Posted by Joseph Lawler on 1.21.11 @ 6:15PM

On April 22, 2009, GE CEO Jeffrey Immelt entered a raging controversy at the University of Notre Dame surrounding an upcoming commencement speech by Barack Obama with an op-ed in, of all places, the Notre Dame Observer.

Without addressing any of the issues in contention, namely Obama's pro-choice policies and the school's obligations as a Catholic institution, the article expressed Immelt's wholehearted support for Obama and his upcoming speech. What made the article so odd, beside the apparent cluelessness of the author, was that the CEO of GE felt it necessary to add his opinion to an argument involving Notre Dame. Immelt is not a Notre Dame alumnus (he went to Dartmouth), he doesn't have affiliations with the university other than a commencement speech he gave in 2007, and he's not Catholic. One would think that the CEO of one of the largest companies in America would have better things to do than writing an op-ed for a student newspaper picking sides in an essentially intra-denominational controversy. So why would Immelt weigh in?

Had the Observer provided the most routine of disclosures for that article, the answer would have been obvious. On February 17th of that year, Obama had signed the stimulus bill, which included $24.9 million in grants that would flow directly to GE, with roughly $20 billion more slated for health care record modernization of the kind that GE specializes in -- "with a direct request to do so from GE's CEO Jeffrey Immelt." Months before, during the Bush administration, GE had successfully lobbied "behind-the-scenes" to get its financing arm, GE Capital, included in a FDIC bailout program that would insure up to $139 billion of its debt. By the time Obama stepped on stage at Notre Dame, GE Capital had used the program to raise "$74 billion, helping to cover [GE'S] 2009 funding needs, and about $8 billion of its projected needs for 2010." In addition, Immelt knew that many billions more would accrue to his company through its green initiatives if Obama's cap and trade proposal became law.

It would be hard to think up a more direct conflict of interest.

Except, of course, for the conflict of interest raised by Obama's decision, announced today, to name Immelt the chair of the new President's Council on Jobs and Competitiveness while Immelt still serves as GE's CEO.

According to the president, the purpose of the new council will be to "focus its work on finding new ways to encourage the private sector to hire and invest in American competitiveness." It is not hard to imagine ways for Immelt to fulfill that mandate by enriching GE's shareholders, which, remember, is his contractual obligation as CEO.

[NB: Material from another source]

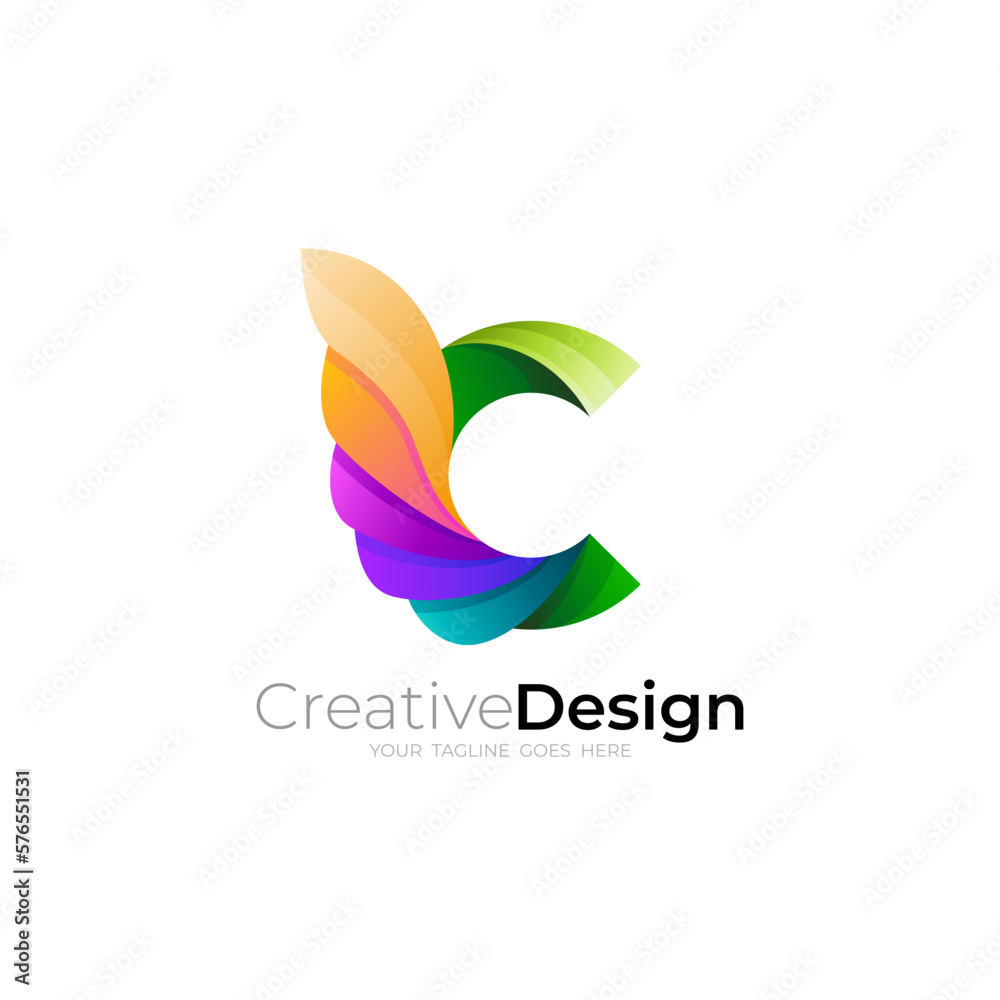 Letter C logo and wing design combination, colorful style logos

Immelt isn't serving on the panel out of love of Obama or loyalty to Democrats: he "counts former President Ronald Reagan as a ‘personal hero,'" and donated $2,300 to both Hillary Clinton and John McCain in the 2008 election. Nor is Immelt concerned about fairness, competitiveness, or the free market: as he has explained, "It's never been a free market; it's never gonna be a free market. That's just the way it is." And: "The fact that I'd like GE to work in concert with where government policy is in the U.S. doesn't mean that I'm a traitor or a bad guy, I think it's just being practical that that's gotta happen."

Immelt is serving on the panel because of money. He represents one of Big Business's biggest. A post in the Obama administration presents a huge opportunity to enrich his company and himself. Obama is allowing him to do so because a company as big and diversified as GE can do a lot for him, up to and including defending him in the op-ed sections of college newspapers.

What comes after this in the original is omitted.